Знакомство Тёркина с однополчанами в главе «На привале» начинается с шутки («– Вам бы, знаете, во флот / С вашим аппетитом. // Тот: – Спасибо. Я как раз / Не бывал во флоте. / Мне бы лучше, вроде вас, / Поваром в пехоте»), после чего бойцы сразу понимают: Тёркин – свой. Дальше Тёркин читает лекцию о том, «что такое сабантуй», предлагая относиться к бомбёжкам, миномётным обстрелам и даже к вражеской танковой атаке («Прут немецких тыща танков…») с бытовым весельем, как к боевому крещению. «Хорошо, когда кто врёт / Весело и складно», – решают однополчане. Юмор помогает «обытовить», «обжить» войну, пережить страх и невзгоды (балагурство Тёркина: «Я от тётки родился» – во время затяжного боя в болоте). Игорь Сухих в связи с этим цитирует мемуары Юрия Лотмана: «Скажу, что на фронте мы смеялись гораздо больше, чем потом нам приходилось в мирной жизни»[799].

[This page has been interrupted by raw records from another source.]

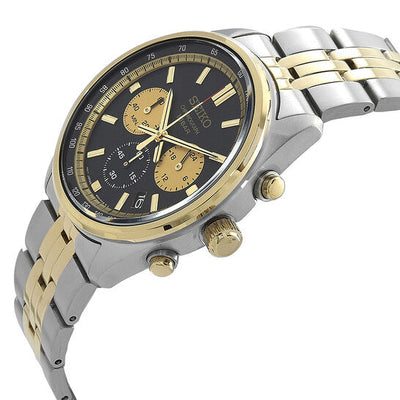 Seiko SSB430P1 Men's Chronograph Watch — Black/Two Tone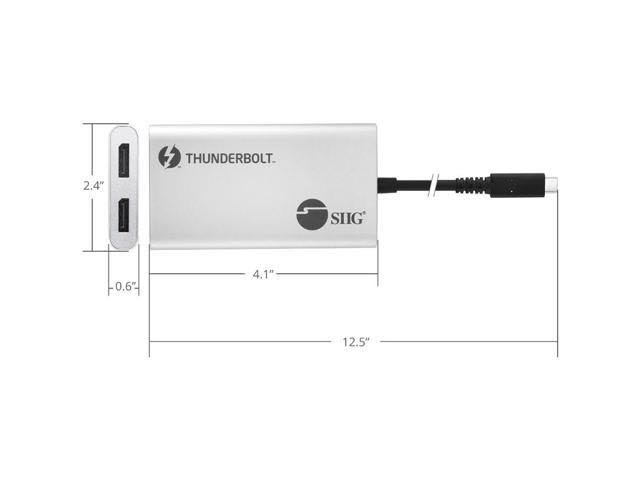 Thunderbolt 3 to Dual DP 1.2 Adapter C98644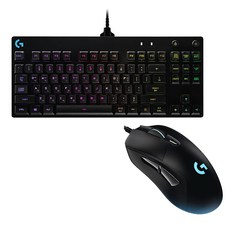 로지텍 유선 게이밍 마우스 G403 + 유선 기계식 게이밍 키보드 G PRO 세트, 1세트, 2종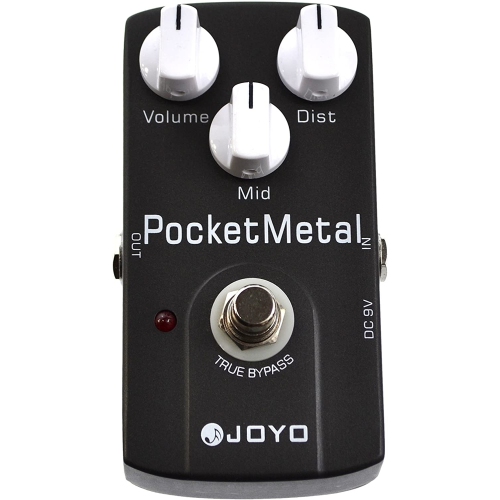 JOYO – pédale d’effet de distorsion de guitare électrique JF-35, prise en métal, prise en métal, tonalité moyenne, contournement, instrument de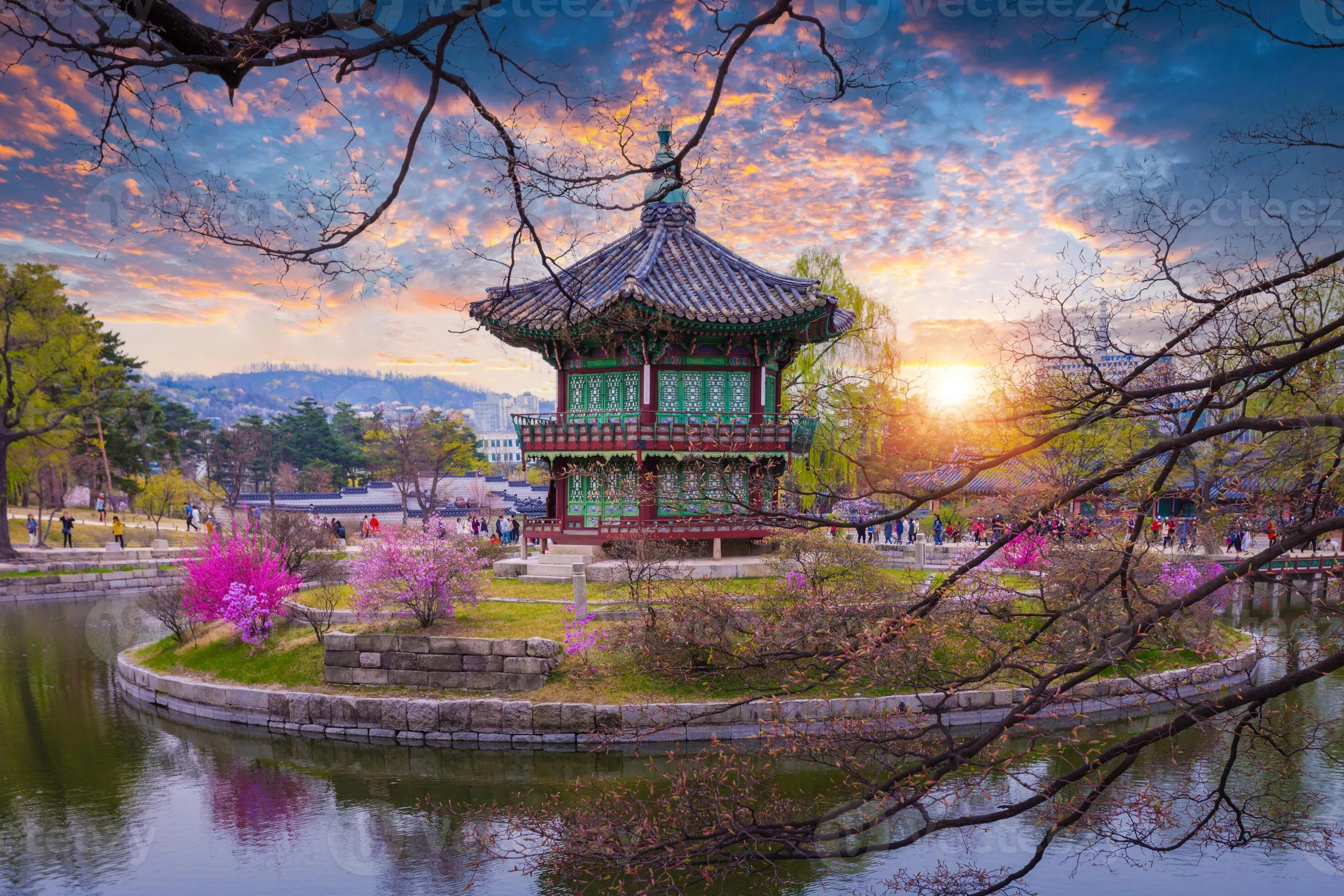 Gyeongbokgung Palace in Spring, Seoul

Есть ли у поэмы сквозной сюжет?

«Не поэма – ну и пусть себе не поэма… нет единого сюжета – пусть себе нет, не надо»[800] – так думал Твардовский в ходе работы над «Тёркиным». Но, несмотря на то что «Василий Тёркин» – книга «без начала, без конца», сквозной сюжет у неё есть, и даже два. Первый связан с жизнью Василия Тёркина на войне: его появлением в роте, его ранениями, его подвигами; с тем, как он завоёвывает авторитет у однополчан, становится голосом солдат, оказывается произведён в офицеры. Второй – с ходом самой войны: где-то на середину поэмы приходится время «Великого перелома»: Красная армия переходит в наступление и начинает теснить врага. В конце этой же главы – «В наступлении» – Тёркин получает самое тяжёлое своё ранение и оказывается на краю гибели; он встречается с самой Смертью и побеждает в споре с ней – а затем оказывается на своей малой родине и начинает победный марш на Берлин. Эта сюжетная линия показывается через эпизоды: например, в первой половине поэмы, в главе «Два солдата», Тёркин в отступлении ночует в доме старика, когда-то воевавшего в Первую мировую, а во второй половине, в главе «Дед и баба», освобождает их дом и всю деревню от немецкой оккупации. Ход событий здесь Твардовскому диктовала сама война: обернись история иначе, «Тёркин», начатый в 1941 году, оборвался бы и не стал той поэмой о победе, которую мы знаем.

Третья сюжетная линия нелинейна: из разных фрагментов поэмы мы можем выделить главные события тёркинской довоенной биографии. Перед нами опять-таки «средняя» (по крайней мере, в понимании Твардовского) судьба, с которой многие читатели на фронте могли ассоциировать себя: Тёркин родом со Смоленщины (как и сам Твардовский), жил в селе, был гармонистом, мастером на все руки, но в личной жизни ему не очень везло (отчего автор обращается к читательницам с просьбой полюбить своего героя, транслируя чаяния юных солдат на войне). До Отечественной он прошёл советско-финскую войну. Сколько лет Тёркину – до конца не ясно. В поэме «Тёркин на том свете», действие которой также происходит во время войны, в первой же строке сообщается: «Тридцати неполных лет» – выходит, что Тёркин ощутимо старше молодых бойцов, которые в том числе и из-за возраста смотрят на него с почтением.